Maritime transportation remains a cornerstone of global trade and commerce,
with ships serving as vital vessels for transporting goods and passengers
across the world’s oceans. However, the environmental impact of this
industry, particularly concerning underwater noise pollution, has received
increasing attention in recent years. Engine-induced ship and underwater
noise, arising from propulsion systems and onboard machinery, poses
significant challenges to marine ecosystems and marine life.
This thesis delves into the aspects of engine-induced structure-borne
noise aboard ships, aiming to improve existing analytical and numerical
prognosis and simulation methods for the characterization of noise sources,
i.e. combustion engines, propagation mechanisms, and resulting impacts
on the ship structure. The research focuses on cruise ships and associated
propulsion technologies, namely medium-speed four-stroke engines, to provide
a nuanced understanding of the noise generation and propagation process.

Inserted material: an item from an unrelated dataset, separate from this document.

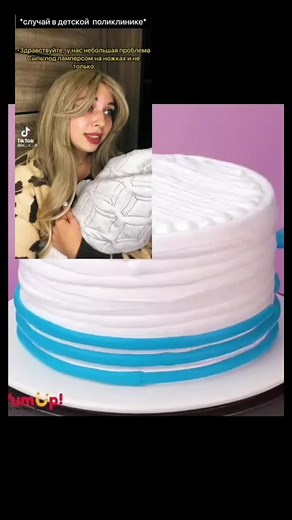 Creative Cake Decorating Tutorial with Blue Icing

State-of-the-art calculation methods, i.e. mobility- and impedancebased
techniques, have shown to not meet the required accuracy, necessary
for a reliable design of ships. This work analyses these methods and possible
causes for deviations. Therefore, a detailed multibody simulation model
of a combustion engine is developed and validated with measurement data,
consisting of all relevant structural parts and considering their interactions,
for the description of the noise source. A detailed analysis of the engine
model reveals excitation properties, which are not considered in traditional
models up to now and sheds new light on the vibration properties of combustion
engines. For the modeling of noise propagation, existing transfer
function methods are used and extended from single-point to multi-point
applications, incorporating all degrees of freedom of the system. The received
noise impacts on ships are evaluated based on a generic model of an
engine foundation on a cruise ship double-bottom structure.
Ultimately, this doctoral thesis contributes to the body of knowledge
surrounding engine-induced ship noise by providing a comprehensive assessment
of its excitation, transmission, and recipience on the ship. The
research aims to improve structure-borne noise prediction methods for the
usage by development and research engineers in the field of ship noise, to
mitigate noise pollution and ensure the long-term health of our oceans.